Items from a data source:
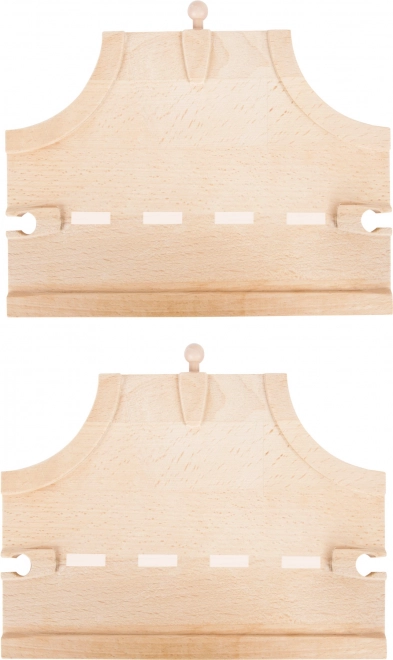 Small foot puidust autotee – T-ristmik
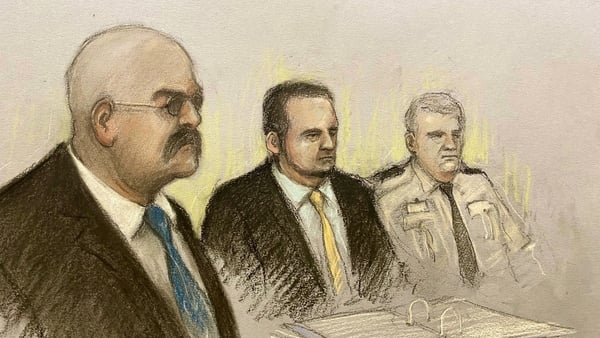 Charles Bronson (L) has spent most of the past 48 years behind bars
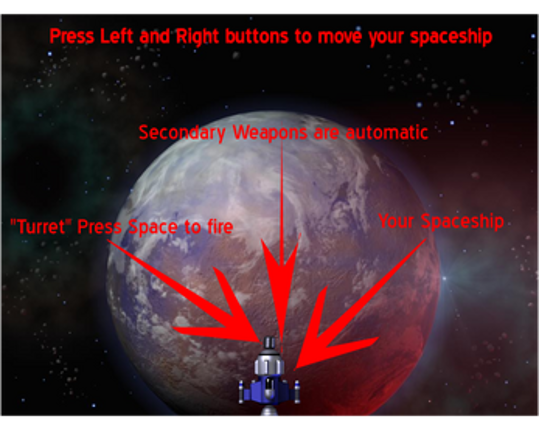 SPACE GO!!! The Last Fight screenshot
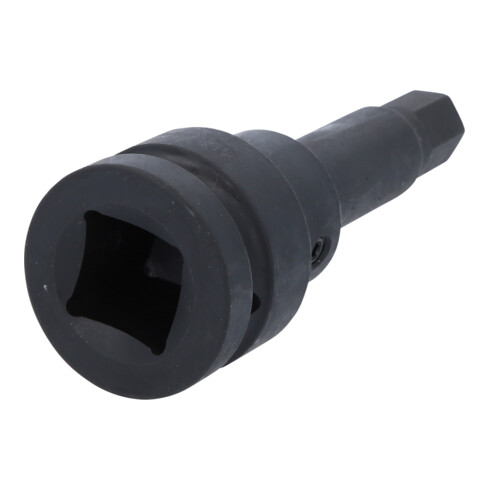 KS Tools 1" krachtdop bit zeskant, lang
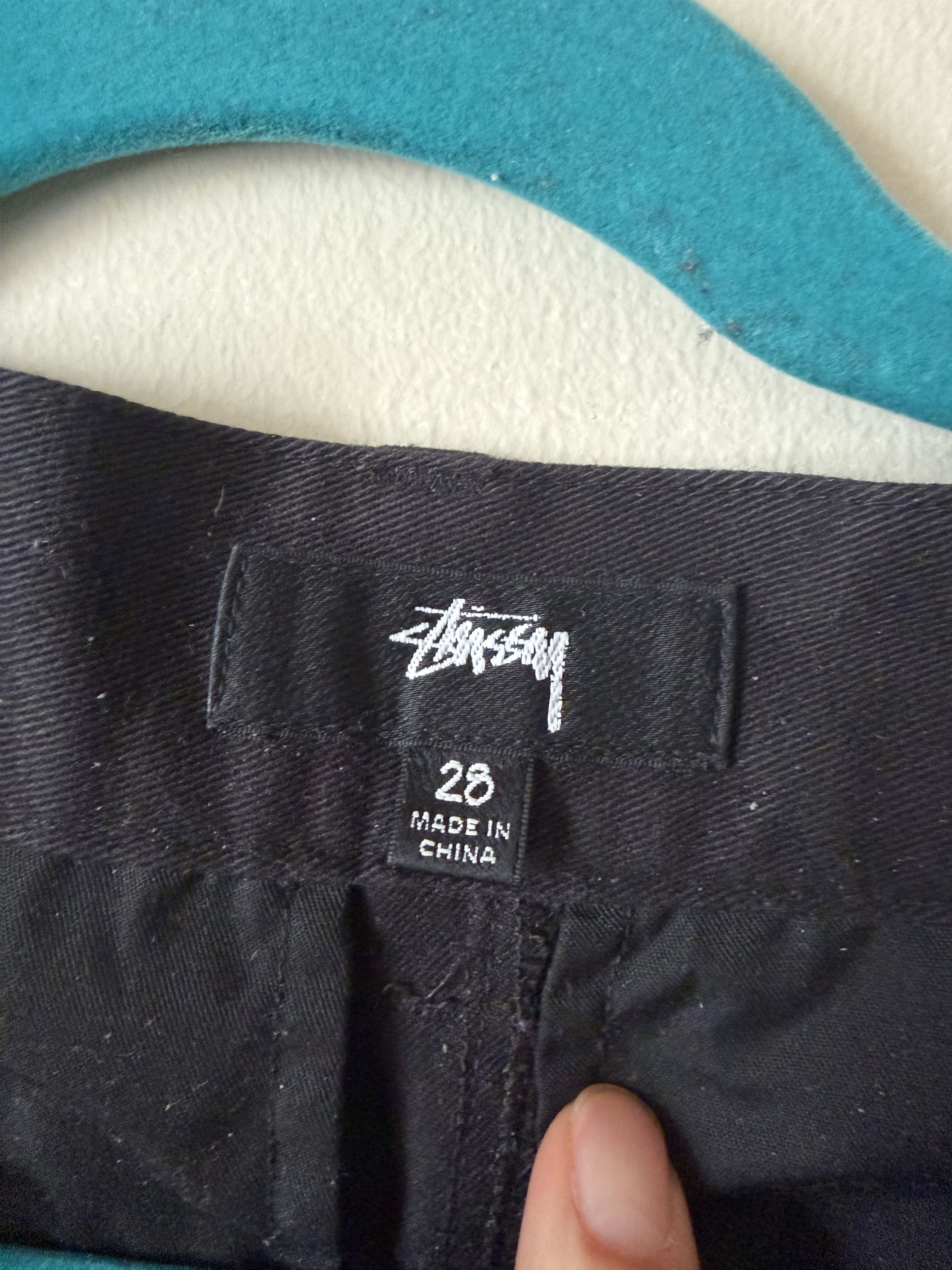 Stussy One pleat chinos Size US 28 / EU 44 - 3 Thumbnail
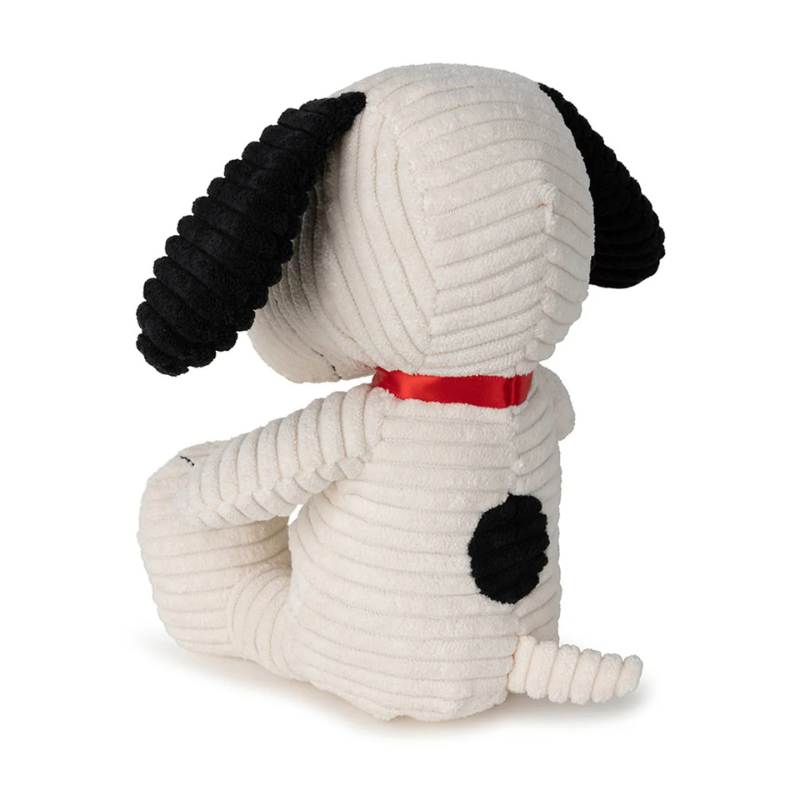  PEANUTS SNOOPY ECO Corduroy Cream 7.5 Plush、mySite、greenlandpopulation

What you need to do
Would you please print only the lines running from the one with "Charles Bronson (L)" to the final line of the entries above, exactly as written and without pictures?

Result for this task
 Charles Bronson (L) has spent most of the past 48 years behind bars
 SPACE GO!!! The Last Fight screenshot
 KS Tools 1" krachtdop bit zeskant, lang
 Stussy One pleat chinos Size US 28 / EU 44 - 3 Thumbnail
  PEANUTS SNOOPY ECO Corduroy Cream 7.5 Plush、mySite、greenlandpopulation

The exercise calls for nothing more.